Segment Start: Record set

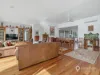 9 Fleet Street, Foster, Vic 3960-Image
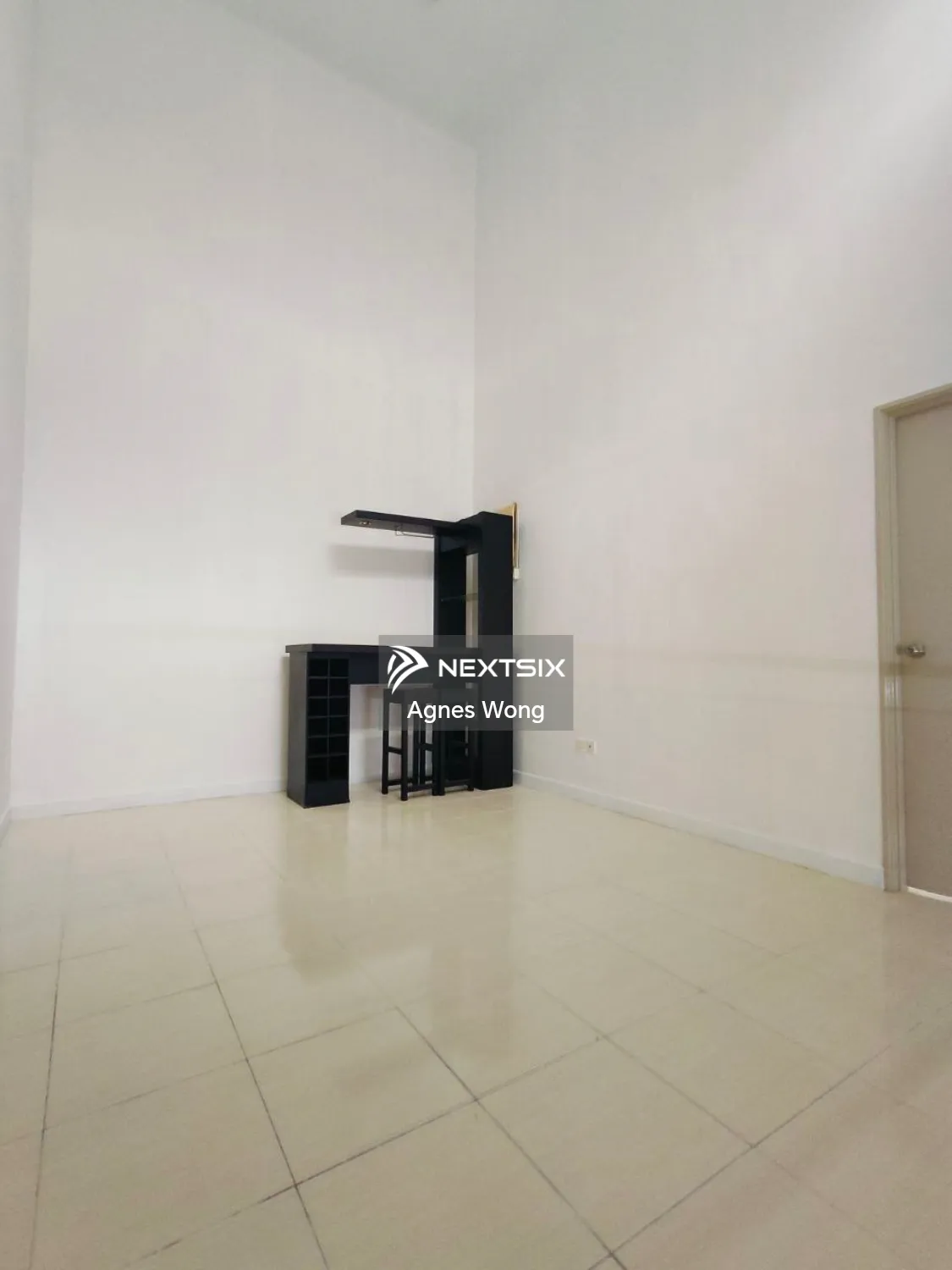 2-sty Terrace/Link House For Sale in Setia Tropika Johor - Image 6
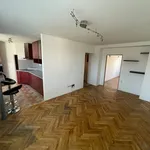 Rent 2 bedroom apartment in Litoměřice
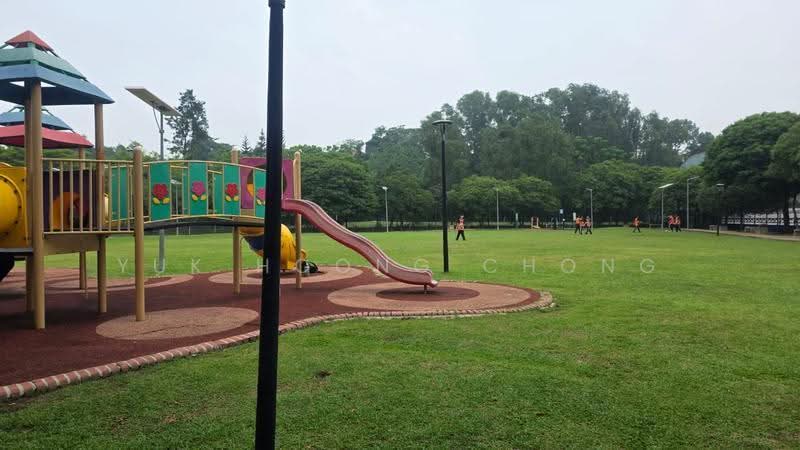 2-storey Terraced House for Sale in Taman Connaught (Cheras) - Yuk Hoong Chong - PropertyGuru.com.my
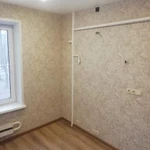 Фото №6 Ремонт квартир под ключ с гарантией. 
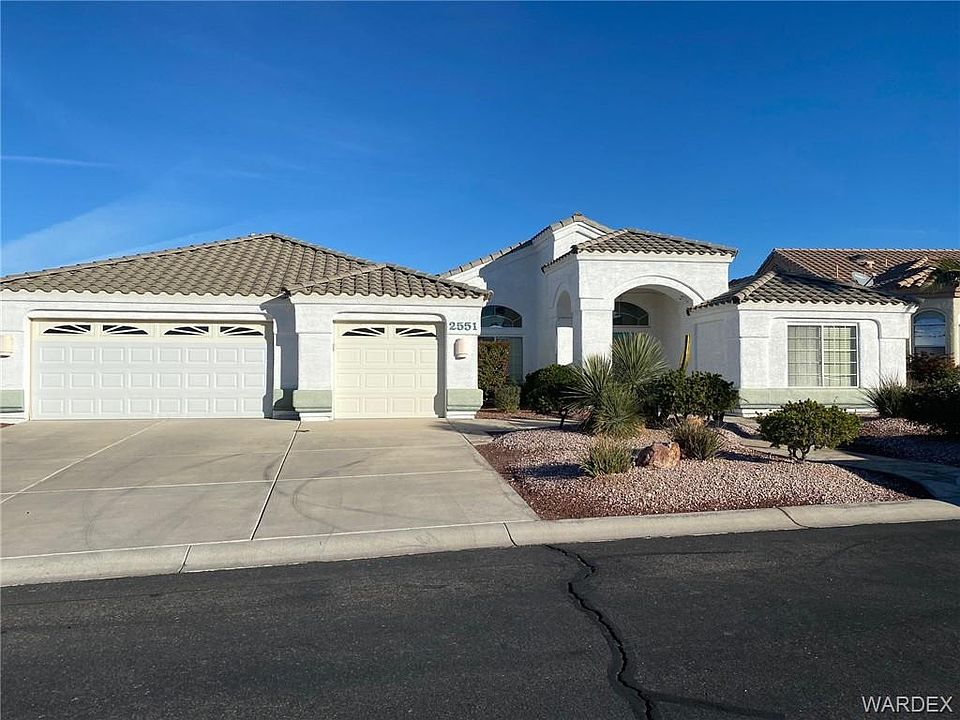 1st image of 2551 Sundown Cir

Segment End: Record set

§ Task brief: Beginning at the line that contains "2-storey Terraced House", retype each line of the data above through the very last one. Do not retype the pictures.

§ Completed exercise:
 2-storey Terraced House for Sale in Taman Connaught (Cheras) - Yuk Hoong Chong - PropertyGuru.com.my
 Фото №6 Ремонт квартир под ключ с гарантией. 
 1st image of 2551 Sundown Cir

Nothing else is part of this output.